**Brief:** Scan the entries below and return each line that contains "Corolla".

Web page caption snippets:
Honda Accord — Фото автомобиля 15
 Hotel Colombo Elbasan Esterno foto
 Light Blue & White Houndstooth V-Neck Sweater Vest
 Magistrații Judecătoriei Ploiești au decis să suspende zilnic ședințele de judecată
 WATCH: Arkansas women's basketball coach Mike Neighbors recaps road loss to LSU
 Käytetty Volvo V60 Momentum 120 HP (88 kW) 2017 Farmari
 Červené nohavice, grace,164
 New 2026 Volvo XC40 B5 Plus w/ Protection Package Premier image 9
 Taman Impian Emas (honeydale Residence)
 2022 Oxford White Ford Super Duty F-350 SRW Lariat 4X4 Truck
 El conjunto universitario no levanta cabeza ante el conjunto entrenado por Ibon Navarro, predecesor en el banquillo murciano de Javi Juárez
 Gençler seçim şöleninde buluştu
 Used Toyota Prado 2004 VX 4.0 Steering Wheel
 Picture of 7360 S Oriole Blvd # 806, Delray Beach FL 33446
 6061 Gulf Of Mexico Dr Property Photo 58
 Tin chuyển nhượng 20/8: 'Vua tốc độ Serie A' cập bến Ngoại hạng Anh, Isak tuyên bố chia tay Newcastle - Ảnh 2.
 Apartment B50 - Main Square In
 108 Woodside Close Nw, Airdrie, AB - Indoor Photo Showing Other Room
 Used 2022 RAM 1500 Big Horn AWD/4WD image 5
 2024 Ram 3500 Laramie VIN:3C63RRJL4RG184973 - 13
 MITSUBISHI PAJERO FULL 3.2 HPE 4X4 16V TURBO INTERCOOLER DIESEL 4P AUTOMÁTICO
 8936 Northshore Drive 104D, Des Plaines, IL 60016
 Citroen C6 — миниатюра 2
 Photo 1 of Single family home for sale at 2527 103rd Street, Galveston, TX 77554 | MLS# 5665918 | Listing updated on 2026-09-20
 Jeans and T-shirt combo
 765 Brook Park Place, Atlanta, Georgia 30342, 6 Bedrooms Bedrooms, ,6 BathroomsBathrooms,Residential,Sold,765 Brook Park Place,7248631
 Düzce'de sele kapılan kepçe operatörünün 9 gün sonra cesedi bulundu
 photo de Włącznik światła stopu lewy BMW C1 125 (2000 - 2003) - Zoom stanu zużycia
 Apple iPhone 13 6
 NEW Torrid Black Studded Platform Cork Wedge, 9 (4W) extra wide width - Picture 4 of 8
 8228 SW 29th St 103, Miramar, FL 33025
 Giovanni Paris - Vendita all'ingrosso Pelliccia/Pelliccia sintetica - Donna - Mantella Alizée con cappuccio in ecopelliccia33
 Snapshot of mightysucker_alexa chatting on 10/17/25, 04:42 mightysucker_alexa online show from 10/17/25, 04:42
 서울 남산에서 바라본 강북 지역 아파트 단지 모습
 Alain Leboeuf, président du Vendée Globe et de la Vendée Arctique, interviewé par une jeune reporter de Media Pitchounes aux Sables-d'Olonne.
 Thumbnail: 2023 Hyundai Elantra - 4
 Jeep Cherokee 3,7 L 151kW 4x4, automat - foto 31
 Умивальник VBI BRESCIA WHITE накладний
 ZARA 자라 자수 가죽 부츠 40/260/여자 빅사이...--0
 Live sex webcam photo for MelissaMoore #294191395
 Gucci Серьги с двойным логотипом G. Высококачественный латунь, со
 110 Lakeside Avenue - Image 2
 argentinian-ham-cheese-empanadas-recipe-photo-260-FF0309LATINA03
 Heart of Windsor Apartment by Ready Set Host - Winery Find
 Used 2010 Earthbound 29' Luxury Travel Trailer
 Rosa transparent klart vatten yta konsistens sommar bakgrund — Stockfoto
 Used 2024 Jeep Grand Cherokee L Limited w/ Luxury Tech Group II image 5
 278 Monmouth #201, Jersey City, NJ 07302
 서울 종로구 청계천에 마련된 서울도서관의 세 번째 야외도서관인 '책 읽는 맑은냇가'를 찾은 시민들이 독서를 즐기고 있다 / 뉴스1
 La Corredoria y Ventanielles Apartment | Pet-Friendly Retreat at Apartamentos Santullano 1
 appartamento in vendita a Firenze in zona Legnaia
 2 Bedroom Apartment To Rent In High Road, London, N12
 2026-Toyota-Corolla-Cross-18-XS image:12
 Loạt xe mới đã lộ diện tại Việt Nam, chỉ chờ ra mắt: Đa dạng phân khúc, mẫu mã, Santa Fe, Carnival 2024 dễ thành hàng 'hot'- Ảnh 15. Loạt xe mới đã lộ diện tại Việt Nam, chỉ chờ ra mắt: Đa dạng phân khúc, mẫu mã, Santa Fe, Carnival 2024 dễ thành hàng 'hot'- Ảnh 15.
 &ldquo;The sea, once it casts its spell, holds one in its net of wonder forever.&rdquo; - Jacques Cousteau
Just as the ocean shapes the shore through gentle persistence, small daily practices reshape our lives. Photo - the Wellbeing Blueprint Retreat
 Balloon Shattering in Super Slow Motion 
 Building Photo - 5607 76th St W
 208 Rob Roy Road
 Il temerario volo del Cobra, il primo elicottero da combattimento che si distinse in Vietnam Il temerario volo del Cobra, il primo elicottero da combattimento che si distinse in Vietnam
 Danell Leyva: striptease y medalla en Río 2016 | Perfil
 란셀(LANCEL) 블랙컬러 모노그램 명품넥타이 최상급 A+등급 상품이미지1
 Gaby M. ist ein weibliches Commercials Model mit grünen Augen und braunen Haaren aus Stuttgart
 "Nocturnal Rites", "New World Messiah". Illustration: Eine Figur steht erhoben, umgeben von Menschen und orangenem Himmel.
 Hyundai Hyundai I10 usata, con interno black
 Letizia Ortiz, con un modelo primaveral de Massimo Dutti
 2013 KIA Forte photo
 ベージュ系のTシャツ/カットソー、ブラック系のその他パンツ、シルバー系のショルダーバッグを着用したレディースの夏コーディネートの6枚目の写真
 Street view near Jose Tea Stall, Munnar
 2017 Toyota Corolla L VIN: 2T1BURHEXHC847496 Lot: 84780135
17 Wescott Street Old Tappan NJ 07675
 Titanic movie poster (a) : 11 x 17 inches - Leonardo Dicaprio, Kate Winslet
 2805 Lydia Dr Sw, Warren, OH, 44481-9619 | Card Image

**Your solution:**
 2026-Toyota-Corolla-Cross-18-XS image:12
 2017 Toyota Corolla L VIN: 2T1BURHEXHC847496 Lot: 84780135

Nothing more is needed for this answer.